AVAILABLE DATA:

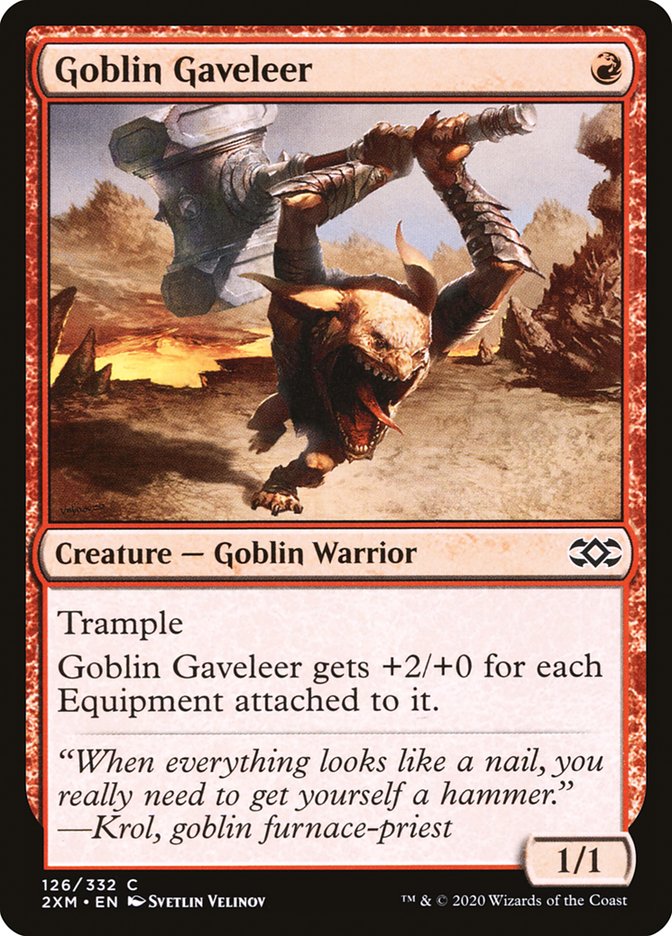 Goblin Gaveleer [Double Masters] | Good Games Adelaide SA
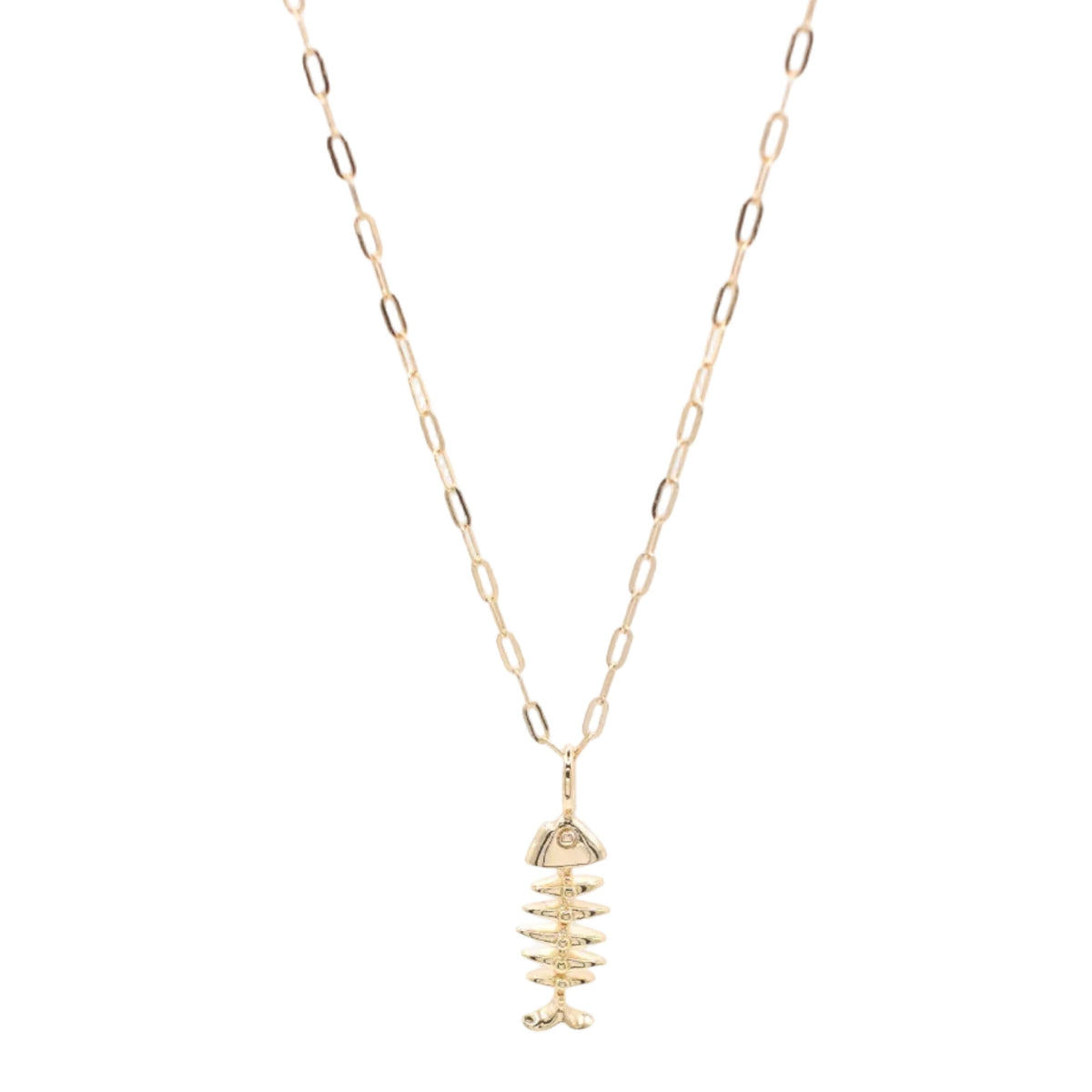 Barracuda Fish Charm Necklace Necklaces Joyce 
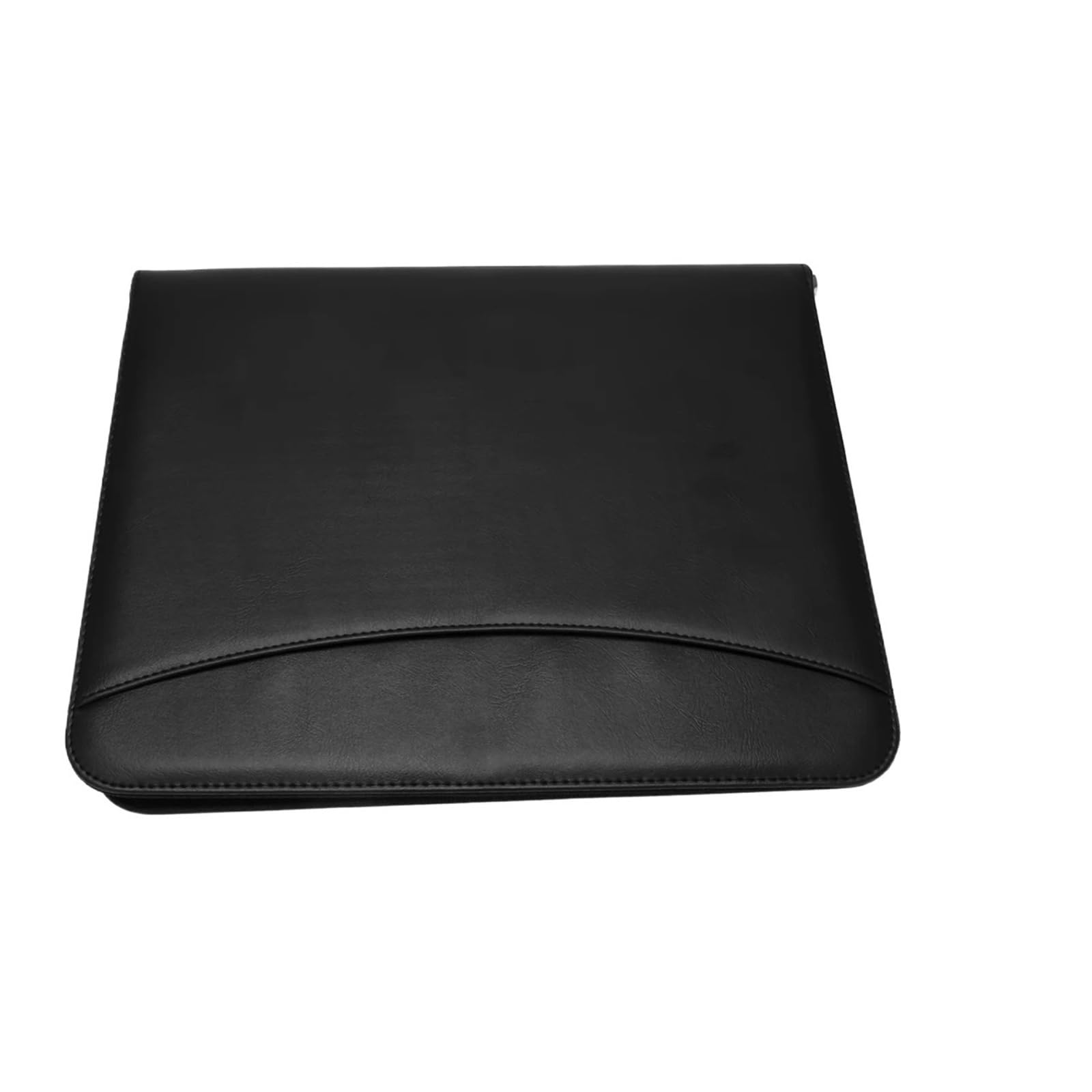 Documentos en cuero Carpeta de cuero con cierre cremallera for mesa negocios y tarjetas, carpeta for currículums, entrevistas para Oficina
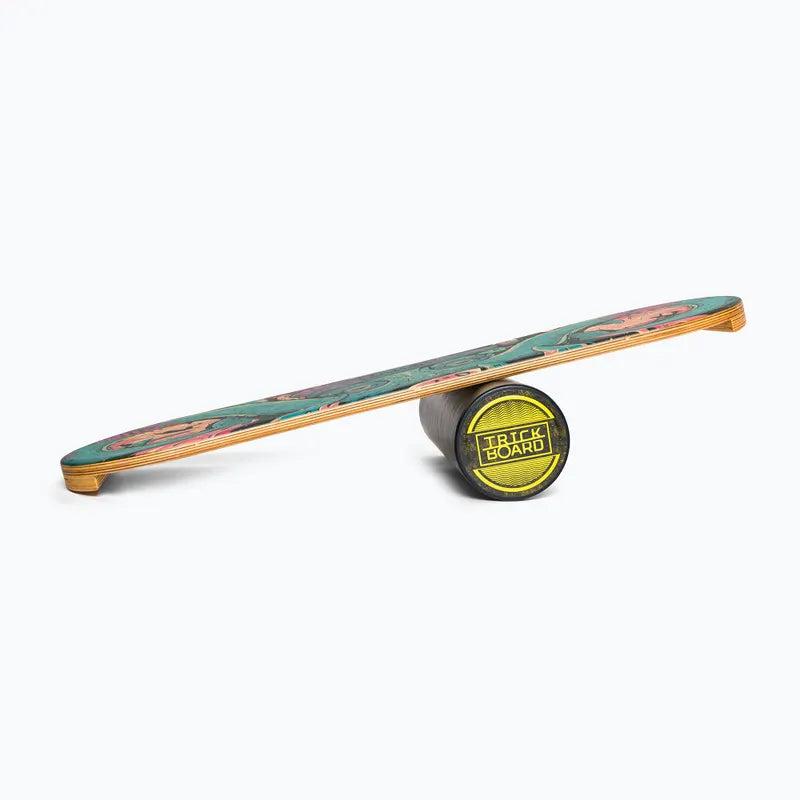 TRICKBOARD deska do balansowania TUV z wałkiem Classic Octopus Blue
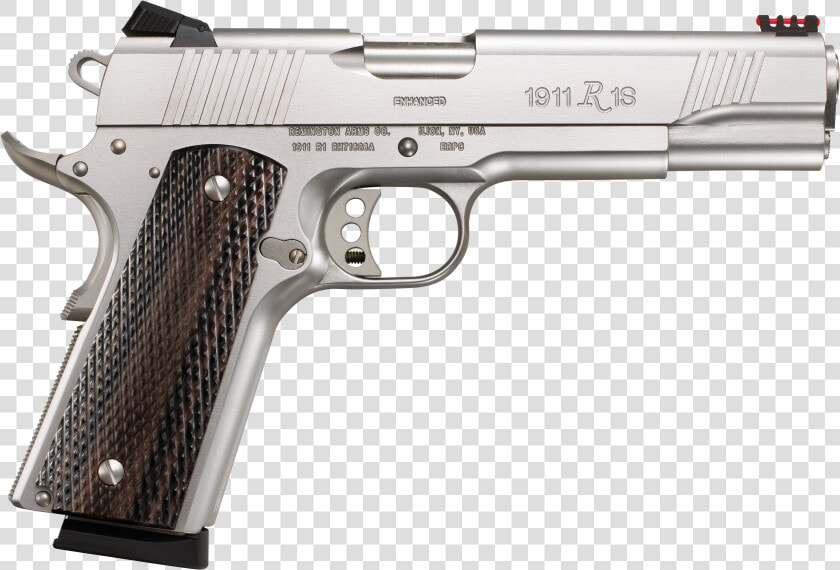 Remington 1911 R1 Enhanced Stainless  HD Png DownloadTransparent PNG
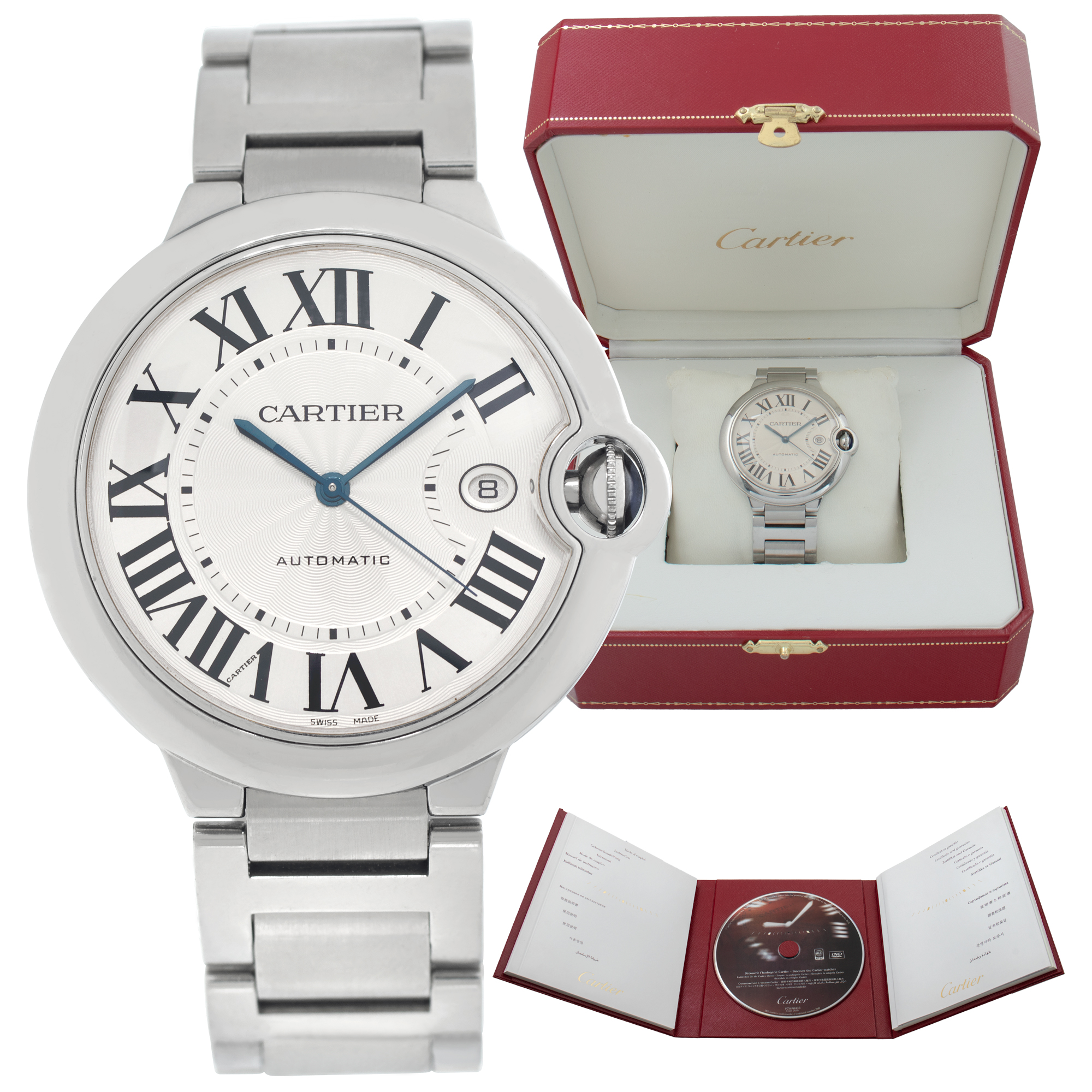 Cartier Ballon Bleu 42mm W69012Z4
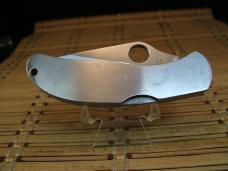 SPYDERCO SEKI-CITY JAPAN STAINLESS VINTAGE 1994 COIS WORKER LIGHT USE KNIFE & LEATHER BELT SHEATH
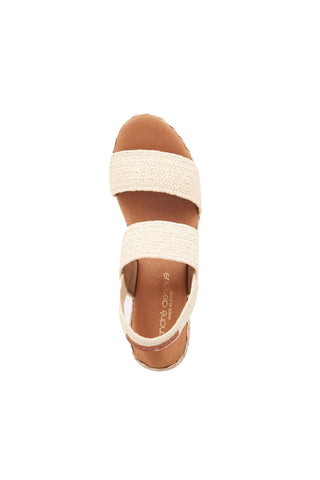 Andre Assous Allison Raffia Slip-On Wedge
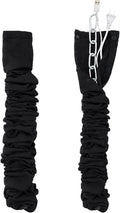 Black Farmhouse Cord Hider, TV Cord Cover and Cable Sleeve, 2 Pack 70.8 in with Button Snap Closure for Lamp Cord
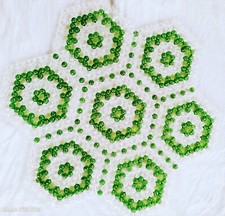 Tablemat handmade placemat decorative crystalbeads livingroom handicraft platmat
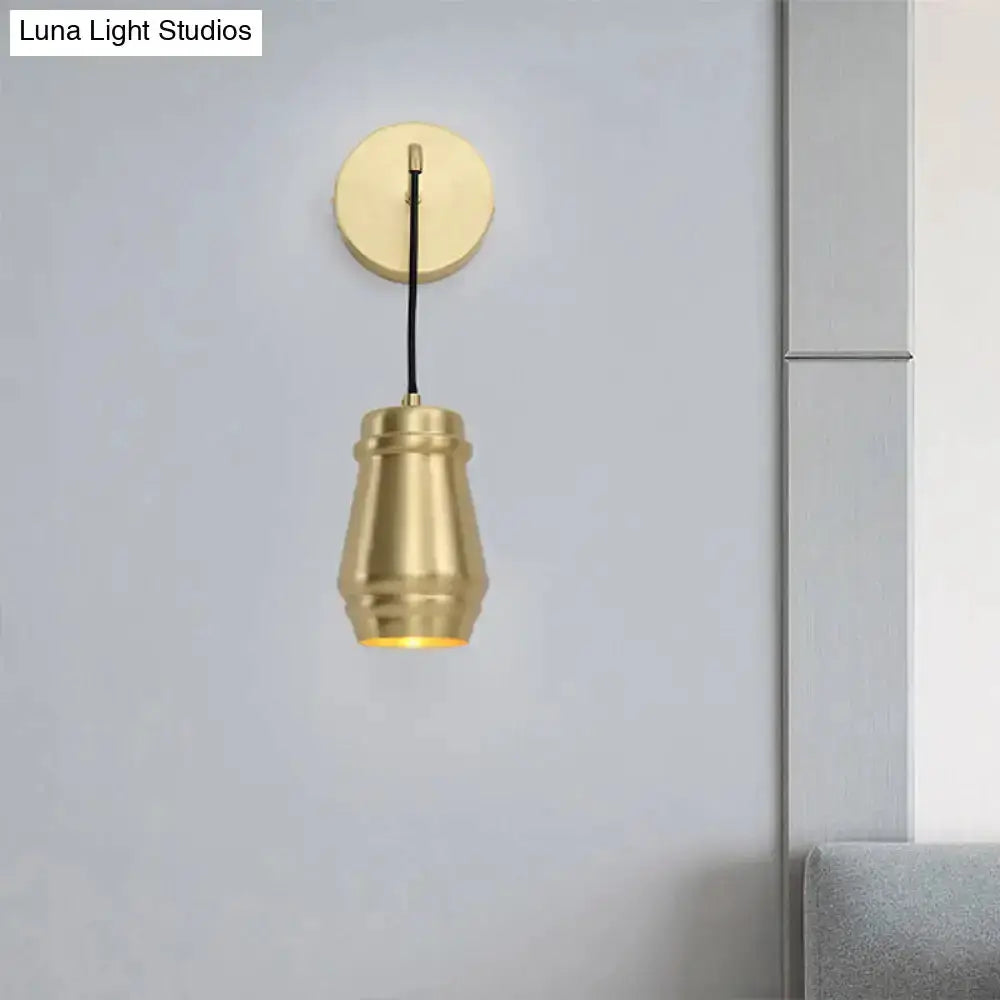 Modern gold brass wall sconce with metal shade fixture by Decorbites, pendant light on Tampa Home & Garden Store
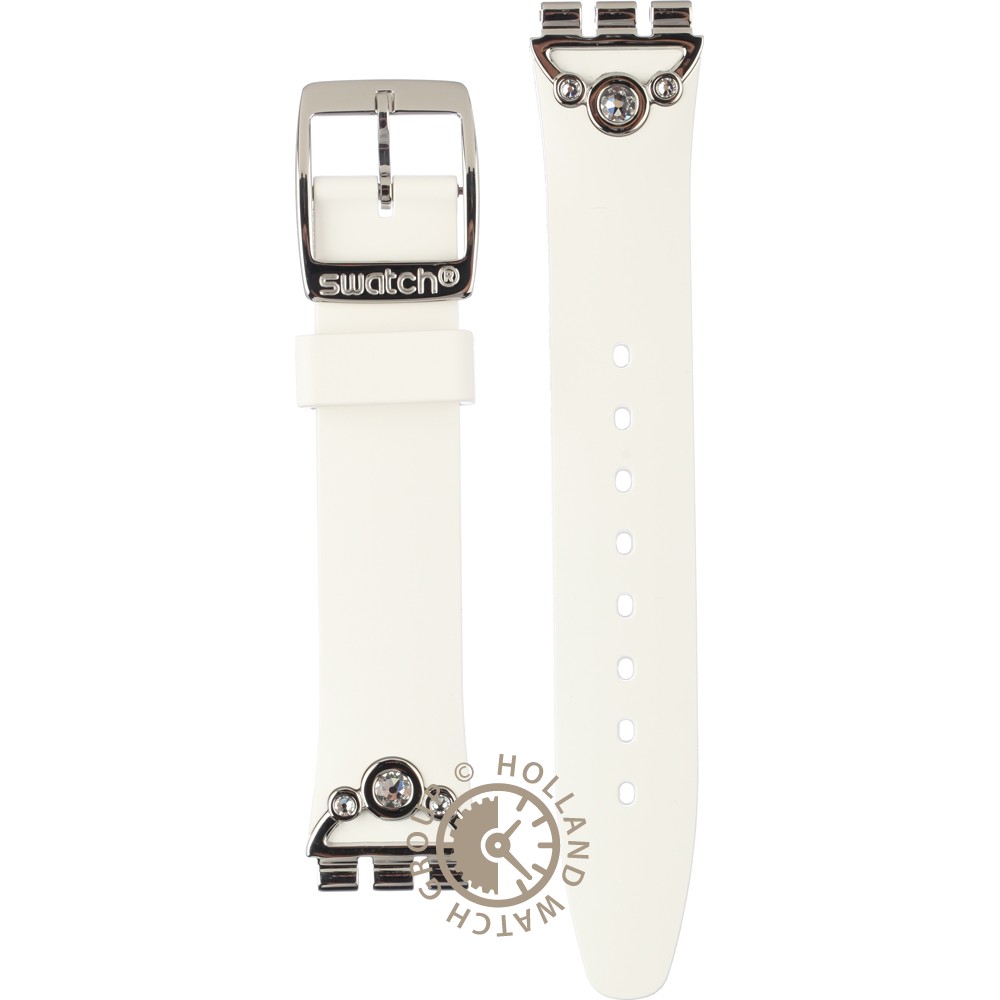 Swatch Irony Medium YL AYLS463 YLS463 Pretty In White Band Offizieller Handler Mastersintime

TASK: Please set down every line of the data above precisely, dropping the images.

SOLUTION FOR THIS EXERCISE:
 Goblin Gaveleer [Double Masters] | Good Games Adelaide SA
 Barracuda Fish Charm Necklace Necklaces Joyce 
 Documentos en cuero Carpeta de cuero con cierre cremallera for mesa negocios y tarjetas, carpeta for currículums, entrevistas para Oficina
 TRICKBOARD deska do balansowania TUV z wałkiem Classic Octopus Blue
 Remington 1911 R1 Enhanced Stainless  HD Png DownloadTransparent PNG
 Cartier Ballon Bleu 42mm W69012Z4
 SPYDERCO SEKI-CITY JAPAN STAINLESS VINTAGE 1994 COIS WORKER LIGHT USE KNIFE & LEATHER BELT SHEATH
 Andre Assous Allison Raffia Slip-On Wedge
 Black Farmhouse Cord Hider, TV Cord Cover and Cable Sleeve, 2 Pack 70.8 in with Button Snap Closure for Lamp Cord
 Tablemat handmade placemat decorative crystalbeads livingroom handicraft platmat
 Modern gold brass wall sconce with metal shade fixture by Decorbites, pendant light on Tampa Home & Garden Store
 Swatch Irony Medium YL AYLS463 YLS463 Pretty In White Band Offizieller Handler Mastersintime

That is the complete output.